Avec mon expérience, il me semble que donner de l’argent à ses enfants pour encourager les bons comportements est avant tout une question de valeurs. Je me dois d’être franche avec vous : personnellement, je trouve cela assez triste de voir certains parents payer leurs enfants lorsqu’ils participent simplement aux tâches quotidiennes. Mettre et débarrasser la table, éplucher les légumes, ranger, vider le lave-vaisselle… Tout cela fait, selon moi, partie de la vie ! Il me semble incongru d’en faire une exception pour ses enfants en les rémunérant. Vos enfants, tout comme vous, font partie du foyer. Il est tout à fait normal qu’ils mettent la main à la pâte.
La générosité, le don, le partage sont des valeurs qui me parlent davantage. L’argent peut installer une relation un peu bizarre entre les parents et leurs enfants. Cela risque de leur mettre dans la tête qu’apporter son aide ne va pas de soi. Cela tend aussi à grossir certaines petites corvées qui ne sont, tout bien pesé, pas si difficiles à faire. N’en doutez pas : avec les bonnes méthodes, il est tout à fait possible d’obtenir l’aide de ses enfants, sans payer… ni crier !
Payer ce qui doit l’être
En revanche, il me semble plus normal, et même parfois bénéfique de rémunérer ses enfants pour toutes les tâches exceptionnelles, que nous payons habituellement. À mesure que les enfants grandissent, ces situations deviennent de plus en plus fréquentes : entretien du jardin, baby-sitting, bricolage…
Attention cependant, ces situations doivent rester exceptionnelles. En installant une relation d’argent avec ses enfants, on prend le risque de les voir réclamer un petit salaire pour tout et n’importe quoi !
Et pour l’école ? La question du mérite
Je sais que certains parents ont l’habitude de donner un peu d’argent à leurs enfants lorsqu’ils ont de bons résultats à l’école. Ils pensent que l’argent est un bon moteur, qui permet de motiver les enfants.

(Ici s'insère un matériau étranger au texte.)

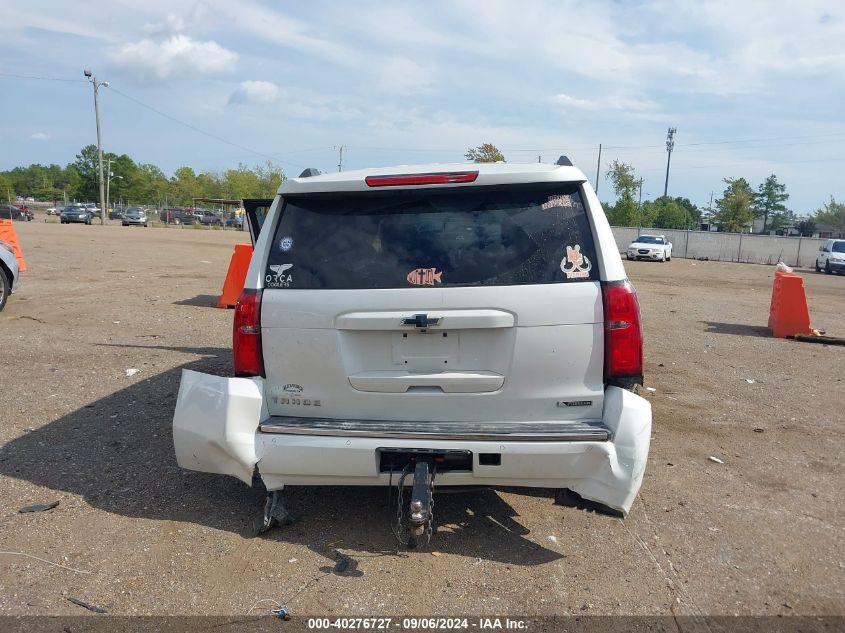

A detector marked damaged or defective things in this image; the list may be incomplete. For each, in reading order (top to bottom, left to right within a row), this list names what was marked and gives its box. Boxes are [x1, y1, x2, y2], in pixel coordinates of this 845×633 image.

damaged rear bumper [170, 370, 648, 512]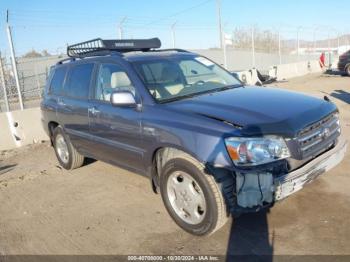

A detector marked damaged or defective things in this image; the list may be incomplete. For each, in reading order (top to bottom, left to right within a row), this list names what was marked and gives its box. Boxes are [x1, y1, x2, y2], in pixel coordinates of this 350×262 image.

cracked headlight [224, 136, 290, 167]
damaged front bumper [235, 137, 348, 211]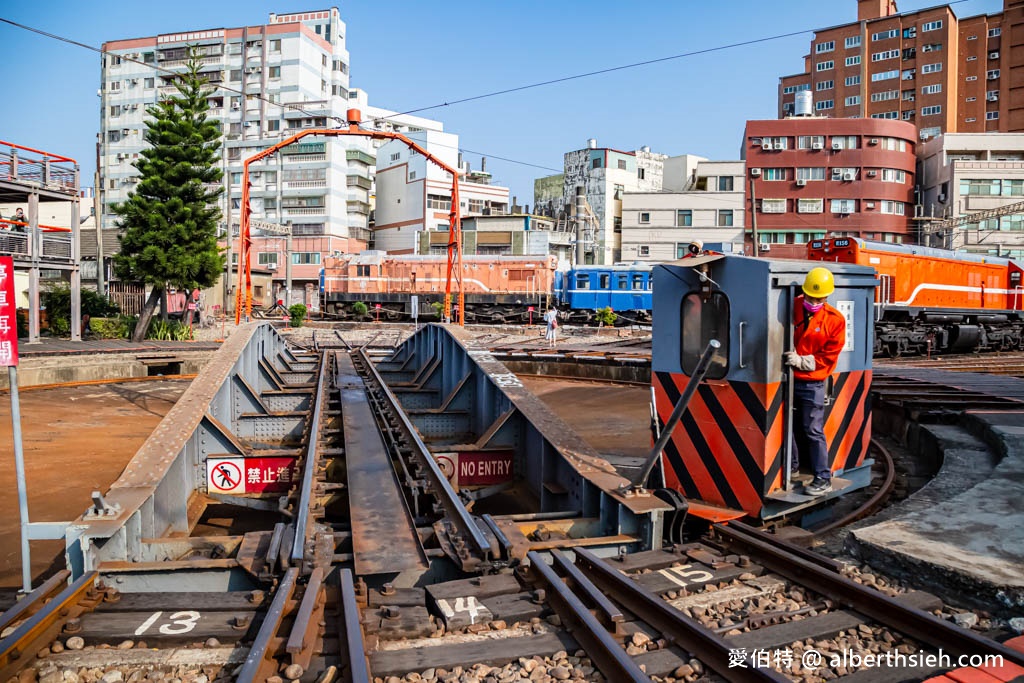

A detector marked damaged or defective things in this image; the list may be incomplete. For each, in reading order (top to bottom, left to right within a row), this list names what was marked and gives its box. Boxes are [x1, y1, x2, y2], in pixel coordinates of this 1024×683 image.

rusty metal surface [339, 352, 428, 577]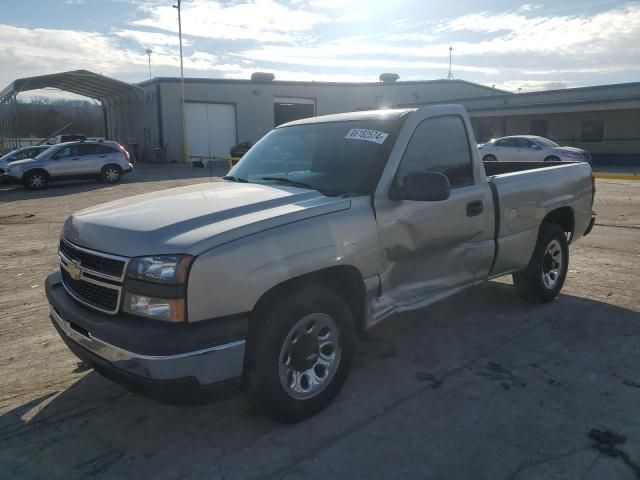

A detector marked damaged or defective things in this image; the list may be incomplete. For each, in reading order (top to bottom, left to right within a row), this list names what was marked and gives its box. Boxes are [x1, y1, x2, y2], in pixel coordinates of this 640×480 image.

damaged truck body [45, 105, 596, 420]
cracked concrete ground [1, 166, 640, 480]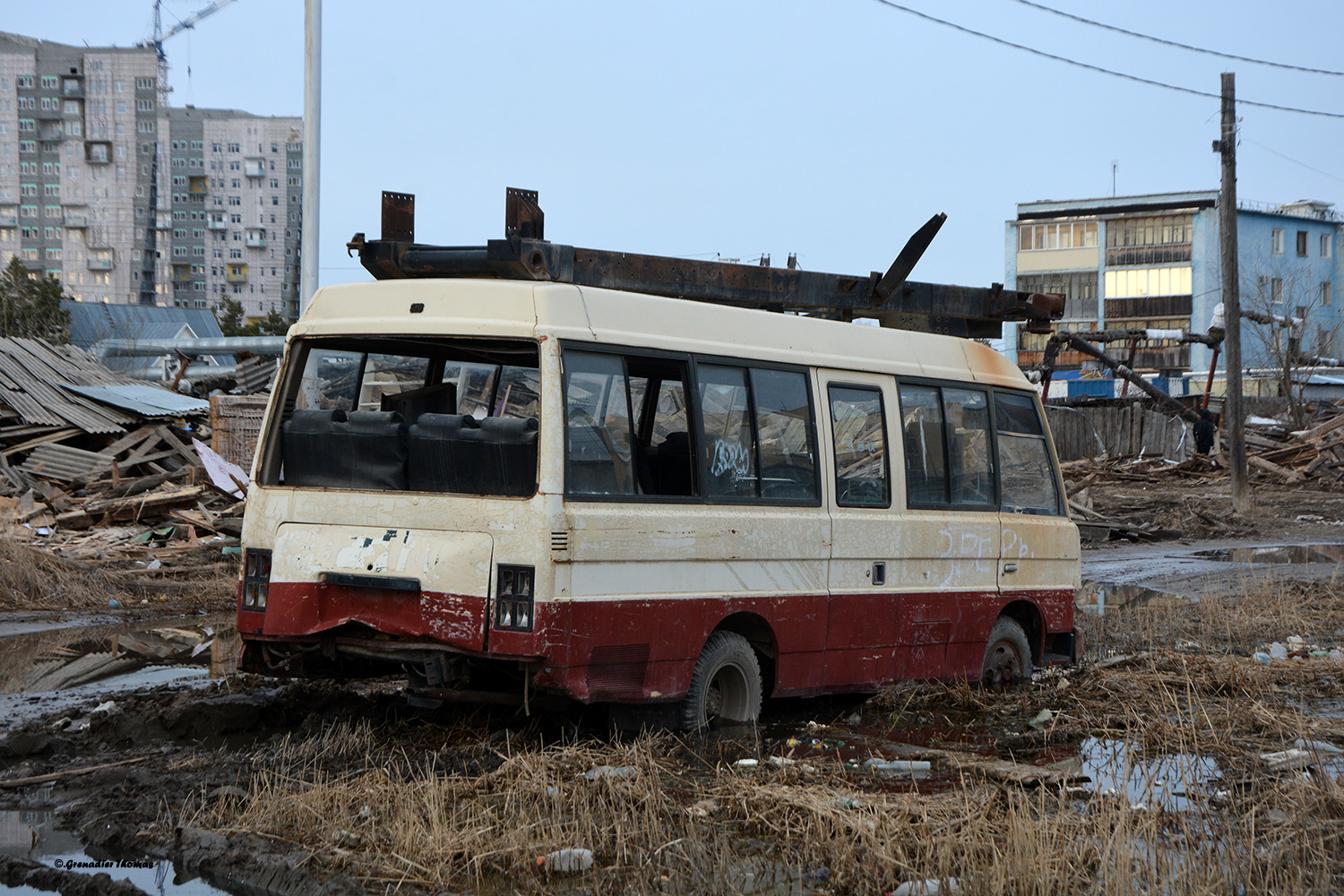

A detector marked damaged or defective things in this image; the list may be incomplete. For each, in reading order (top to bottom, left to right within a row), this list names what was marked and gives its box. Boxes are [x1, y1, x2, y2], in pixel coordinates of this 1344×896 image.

rusty metal beam on roof [349, 190, 1070, 340]
abandoned bus [239, 276, 1081, 725]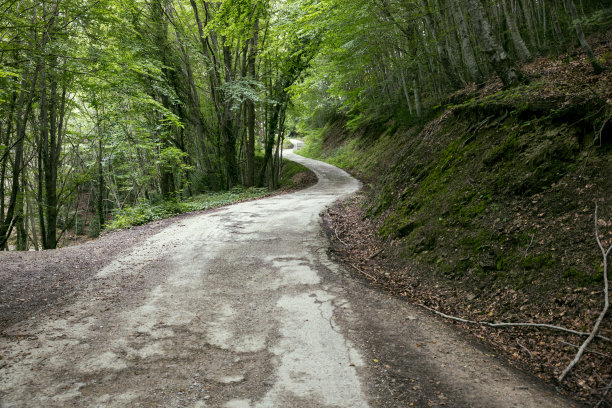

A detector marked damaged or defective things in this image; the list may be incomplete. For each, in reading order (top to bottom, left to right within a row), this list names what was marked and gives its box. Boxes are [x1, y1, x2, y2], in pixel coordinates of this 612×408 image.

cracked pavement [0, 148, 580, 406]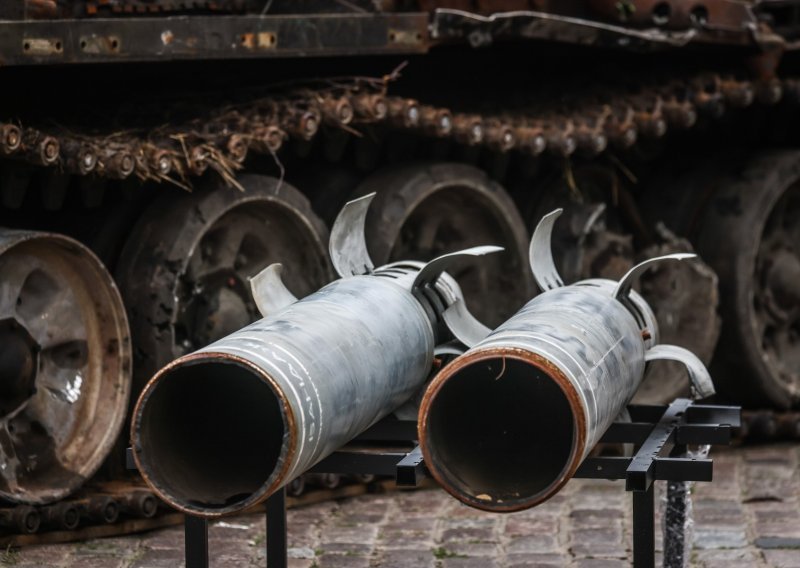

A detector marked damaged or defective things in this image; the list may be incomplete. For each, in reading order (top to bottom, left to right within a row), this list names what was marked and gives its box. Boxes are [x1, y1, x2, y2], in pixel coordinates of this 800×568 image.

rusted metal plate [0, 12, 432, 66]
rusted metal rim [0, 231, 130, 506]
rusted metal rim [133, 350, 298, 520]
rusted metal rim [418, 346, 588, 516]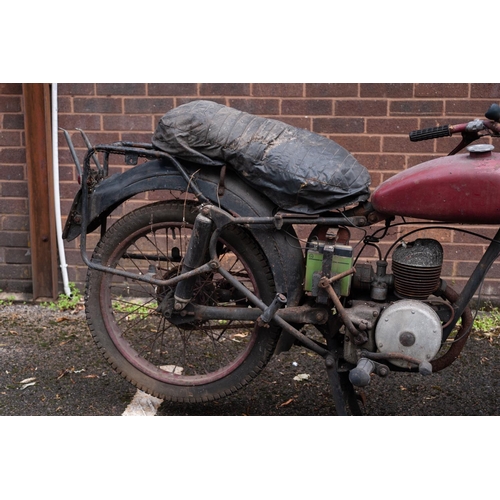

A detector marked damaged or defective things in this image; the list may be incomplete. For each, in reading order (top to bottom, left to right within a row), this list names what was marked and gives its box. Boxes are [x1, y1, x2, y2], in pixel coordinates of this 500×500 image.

rusty motorcycle [61, 99, 500, 416]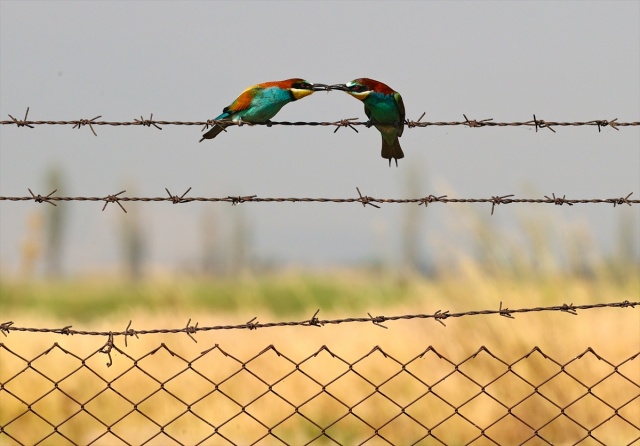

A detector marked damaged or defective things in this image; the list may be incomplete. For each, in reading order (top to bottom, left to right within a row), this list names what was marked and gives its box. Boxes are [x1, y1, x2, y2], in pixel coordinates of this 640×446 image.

rusty wire [1, 108, 640, 136]
rusty wire [0, 189, 636, 215]
rusty wire [2, 300, 636, 348]
rusty wire [1, 342, 640, 442]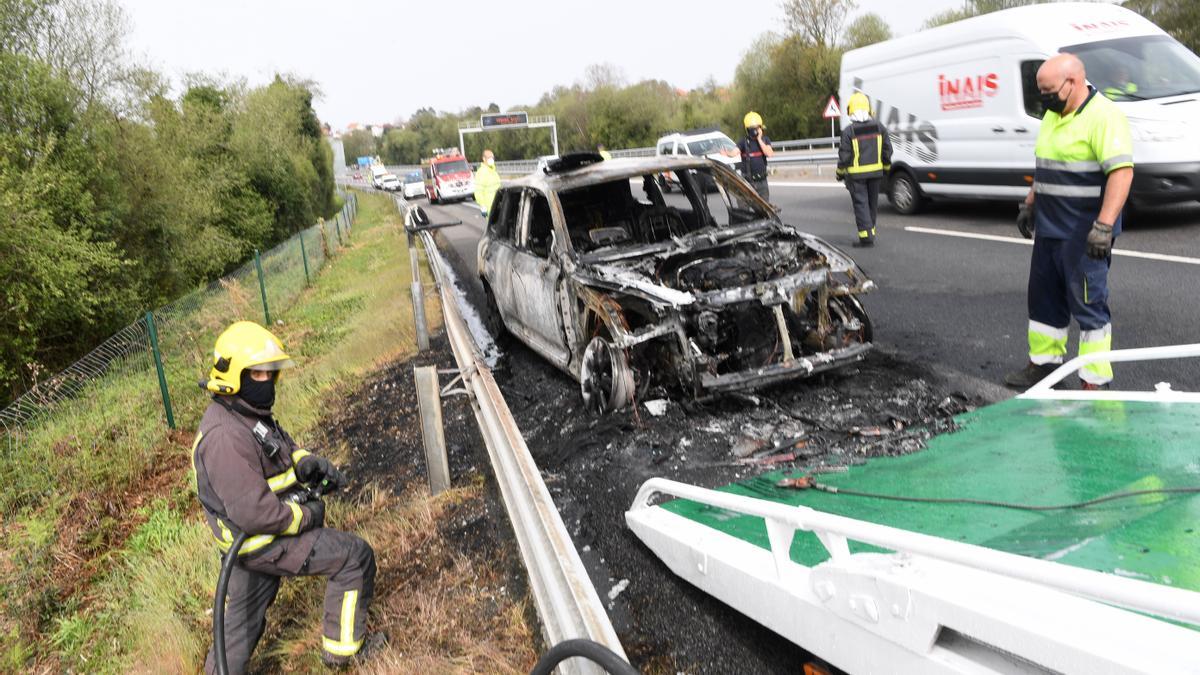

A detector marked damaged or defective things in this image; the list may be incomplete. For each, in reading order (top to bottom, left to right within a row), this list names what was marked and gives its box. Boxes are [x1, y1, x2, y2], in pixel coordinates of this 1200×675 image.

Et je parle en connaissance de cause ! Je connais très bien cette méthode, tout simplement parce que mon père l’appliquait. Il avait même créé un petit tableau très précis, dans lequel étaient inscrites les sommes que nous pouvions gagner suivant les notes et les appréciations que nous ramenions à la maison !
Cette méthode n’a jamais marché sur moi. Peu importaient les sommes promises, je suis restée… une mauvaise élève ! Pire encore, ce système de rétribution a généré chez moi le sentiment de ne pas « mériter ». Je n’étais pas une assez bonne élève, donc je ne méritais pas. Je garde un souvenir assez douloureux de tout cela. Donner de l’argent selon les résultats obtenus installe en profondeur une notion de « mérite » chez l’enfant : quand je travaille bien, je mérite de l’argent. Quand je ne travaille pas bien, je ne mérite pas. Bâtir la personnalité de l’enfant sur un tel système est susceptible d’ébranler sa confiance en soi et son estime personnelle.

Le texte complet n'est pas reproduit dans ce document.